While the effects of experience on AC c-Fos-IR were quite robust, we only found trending significance associated with estradiol exposure for AC and AC-hf, once we took our GLMM results into account. There are two possibilities as to why we did not observe a robust E2 effect, even if it were present. First, since our c-Fos-IR measure (assayed 90 min after sound playback began) decreased with experience, any modulation of plasticity that strengthens the effects of experience in AC would likely further decrease c-Fos-IR, which then runs the danger of being subject to a floor effect. Second, E2 may have a more obvious effect on AC responses at earlier stages of experience learning about the social meaning of the sounds, and our 5-day time point misses this. Future studies will need to resolve this uncertainty.

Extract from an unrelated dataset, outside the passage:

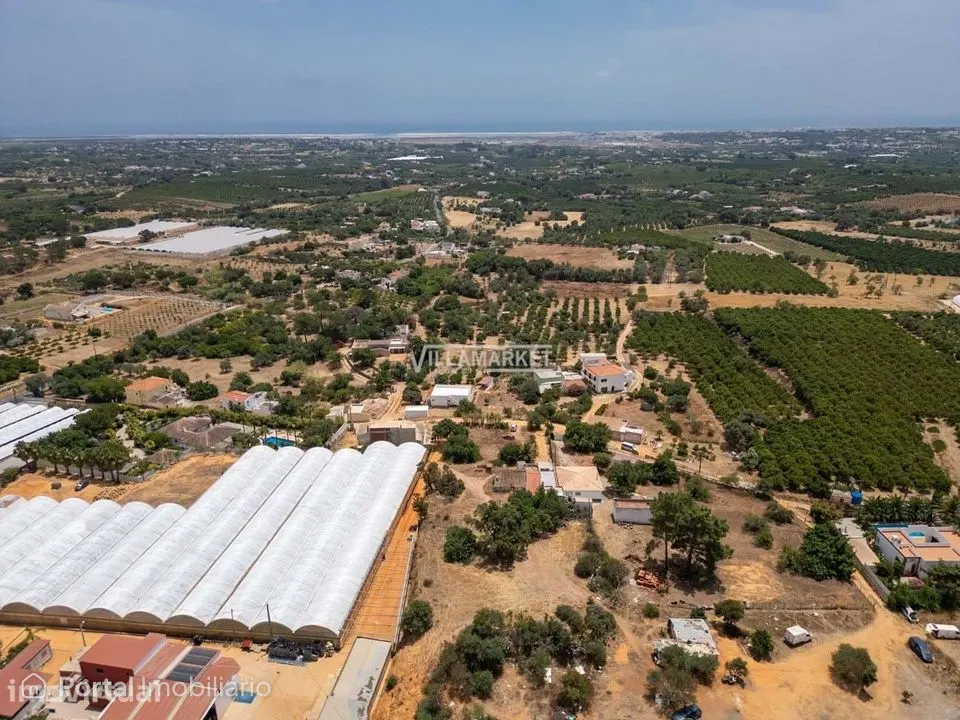 Quinta V3 + 1 com vista mar inserida num terreno com 3427 m2 situada e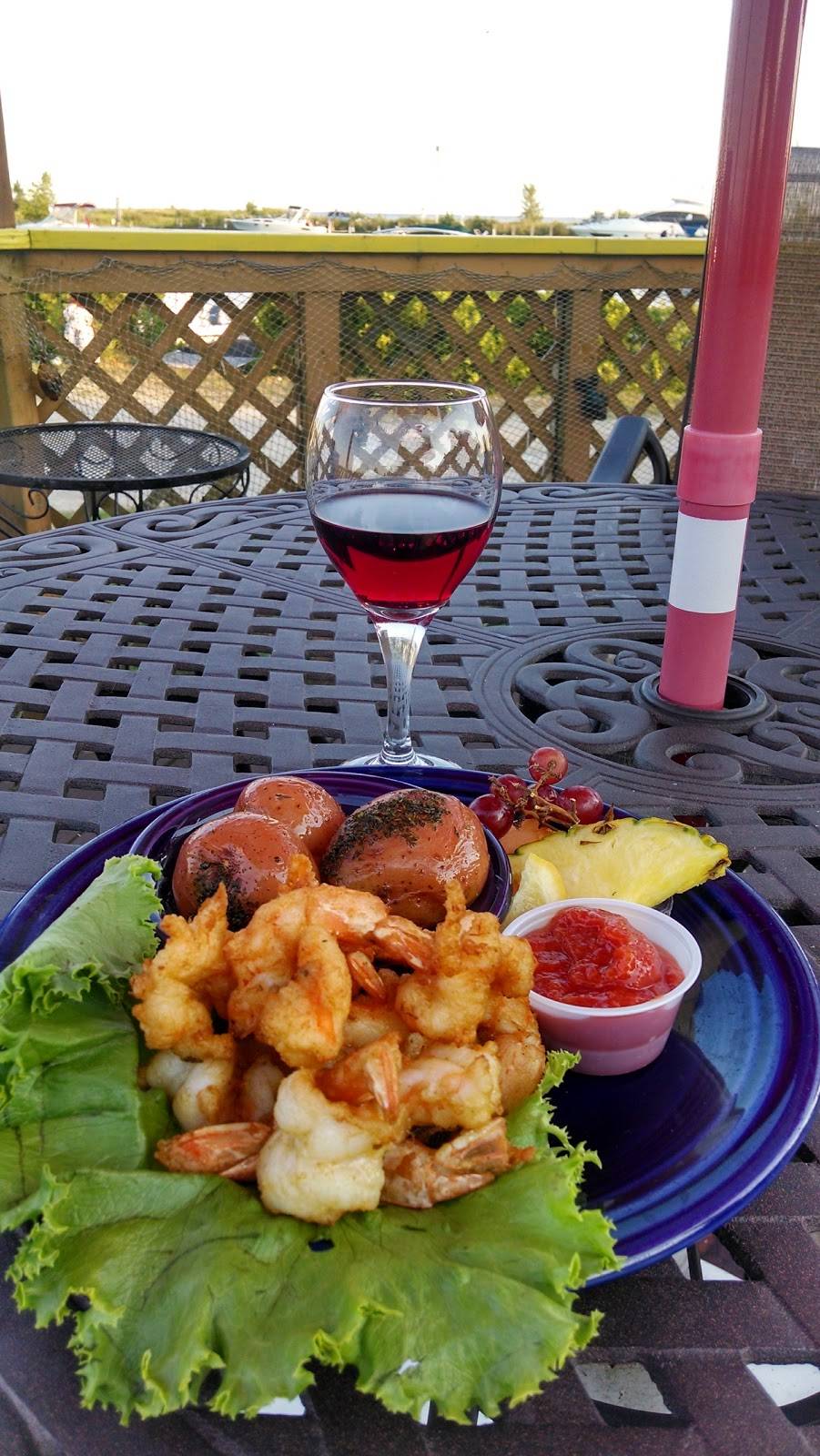 Ships Wheel Restaurant | restaurant | 238 Lobdell Point Rd, Washington, WI 54246, USA | 9208472640 OR +1 920-847-2640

Correlation among brain regions

A correlation between cortical and subcortical brain regions was not observed (Fig. 5), regardless of whether the sounds were novel or familiar. This lack of correlation was not just due to errors in our ability to measure c-Fos-IR, since we did find a strong correlation between AC fields (Fig. 5A), which can be explained as a consistent, within-individual, sound-driven neural response. The lack of a strong correlation between c-Fos-IR in auditory processing regions and LC (Fig. 5B–C), despite both brain areas being sound-responsive, presumably reflects the fact that canonical sensory pathways do not directly feed into LC, which instead is integrating both external and internal factors, producing arousal (Samuels and Szabadi, 2008). Moreover, the influence of LC’s widespread projections on the cochlear nucleus (Ebert, 1996; Klepper and Herbert, 1991) and sensory neocortex (Jones and Yang, 1985; Berridge and Waterhouse, 2003), is only one potential modulator of auditoryevoked genomic responses in the AC. Any AC c-Fos-IR correlation based on this single direction of connectivity is bound to be weak. Intriguingly though, a previous study did find that pairing exogenous electrical stimulation of the LC with novel auditory stimuli in mice leads to plasticity in LC electrophysiological activity, and longlasting improvements of AC electrophysiological responses to the paired stimuli (Martins and Froemke, 2015). This raises the possibility that a stronger LC-AC correlation might be observed between an animal’s initial sensory-evoked LC c-Fos-IR when sounds are novel, and its later AC c-Fos-IR when the sound is familiar. Nevertheless, our results showing different patterns of c-Fos-IR across our experimental groups suggests at a minimum that the genomic response of these two sound processing and plasticity regions is situation-dependent.

Conclusion

We sought to determine how estradiol, social experience and the activity of a key neuromodulatory area contributes to enhancing processing of social auditory stimuli. We found further evidence for neural plasticity at key sites of auditory processing (AC-hf and A2) as social stimuli transitioned from being novel to familiar. Moreover, social sound-evoked activation of an important neuromodulatory center for sensory plasticity, LC, was not directly coupled to activity levels in cortical regions processing sounds, but instead reflected how behavioral arousal elicited by the sound can be affected by estradiol and prior sound experience. Together, these results highlight how the specific combination of internal hormonal state and past experience differentially impacts how individuals process the same sound (Fig. 6D).